This is the biggest news on the business side of console gaming in 13 years, ever since consoles were banned in China back in 2000.

Consoles such as the Wii U and Sony Corp.’s PlayStation were banned under a 2000 rule to protect youths from the perceived corrupting influence of video games. Nintendo’s prospects for meeting its sales and profit forecasts this year depend on winning sales amid new devices from Sony and Microsoft Corp. released in the past two months.

“Nintendo has to explore markets in Asia, including China, in order to increase its sales and profit,” said Tomoaki Kawasaki, an analyst at Iwai Cosmo Holdings Inc. in Tokyo. “China is a promising market, even though there is a risk games will be pirated.”

In the same way Western companies like Google/Android (and to an extent Microsoft) have had trouble making nice with Chinese censorship laws, I can see some issues for both Microsoft and even Sony that won't be as big an impediment for Nintendo. I have a feeling Nintendo will be quicker to integrate Weibo and Weixin (WeChat) than Sony or Microsoft, for example.

XBox One's Kinect integration, along with the wild west that is XBox Live, pair for a very significant pair of stumbling blocks to get past, but they'll surmount them. Microsoft has doubled down investing in-country:

Microsoft and BesTV New Media Co., a subsidiary of Shanghai Media Group, in September said they formed a $79 million gaming venture to take advantage of the new rules.

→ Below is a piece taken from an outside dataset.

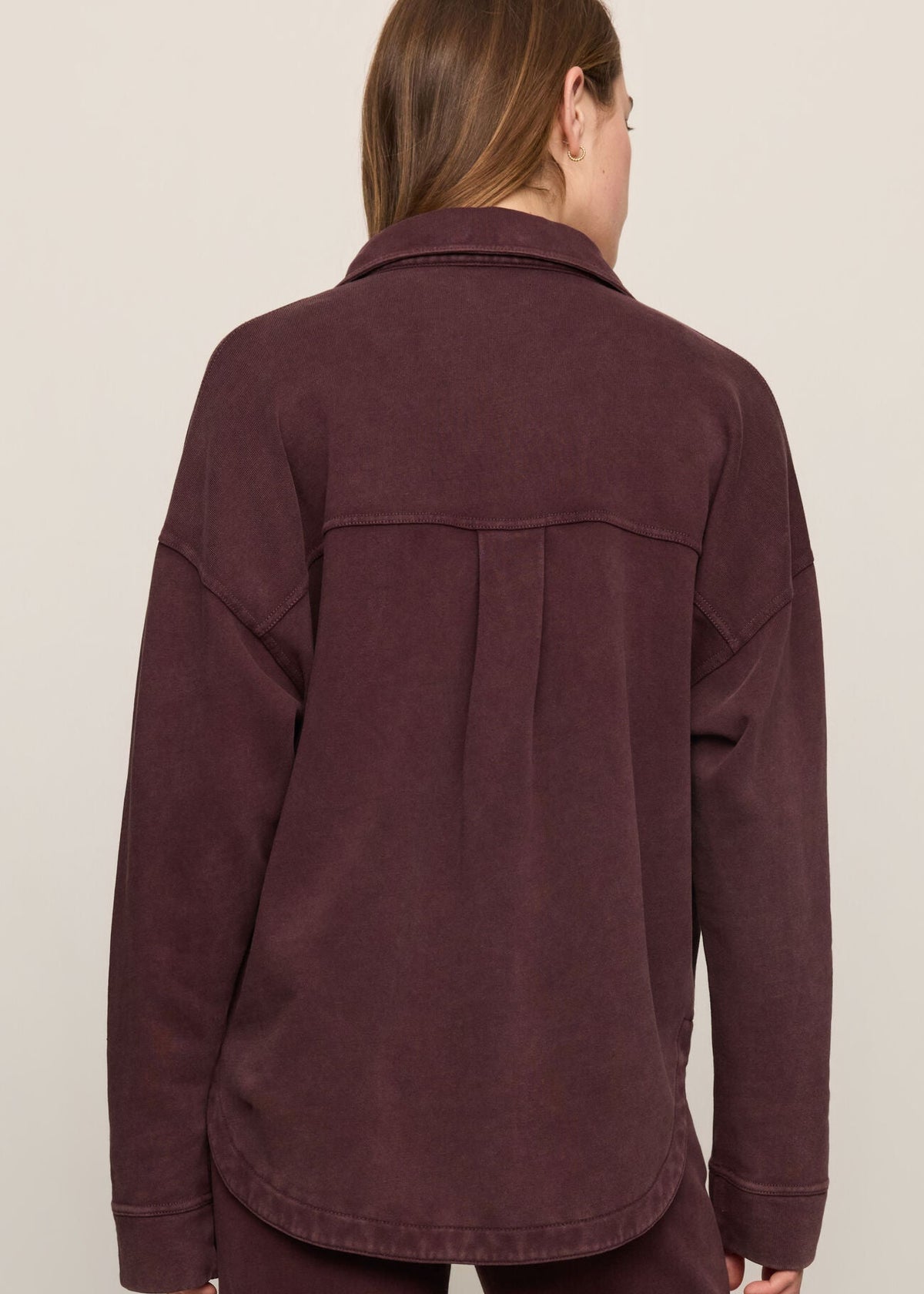 A woman viewed from the back wearing a dark plum button-up shirt and matching pants against a plain light beige studio background.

The violent and extreme content of many of the Xbox's most popular games may make things more difficult, to be honest, and their draconian standards for banning and bricking consoles remotely due to suspected piracy won't go over well.

Sony's past security issues with PSN accounts might be a difficult trust issue with Chinese consumers. That Sony is an Eastern company more accustomed to dealing with strict and sometimes odd censorship laws will help them, as will the less CCTV-ish features of the PS4 as compared to Xbox. Their stronger Asian developer/publisher gives Sony a major lead with content from genre that traditionally appeal more to Chinese and Japanese gamers.

Though diminished over the last generation, Nintendo's characters carry a great deal more embedded brand value with dedicated game players and especially kids. This is especially true of Eastern players who are not as First Person Shooter-obsesssed and whose lives revolve around their mobile phones more than in the West. The re-opening of the Chinese market, more than any single event this decade, convinces me that Nintendo will revisit their cell phone gaming strategy, but not in the manner that some have insisted that they should.

Like Apple and Amazon in their own respects, Nintendo does things a certain way for long-held business and design principles, no matter what John Gruber thought (with followup) last September, and for the exact reasons that he was soundly rebuked by John Siracusa. Nintendo's signature games rely on end-to-end design planning that includes Nintendo controlling the physical control scheme. They are still and will probably always be a conservative 100-year-old company run by 100-year-old men.

A Nintendo phone is not a crazy proposition, but it'll be done their own unique way if it were to happen. I just hope it isn't called Wii Phone U.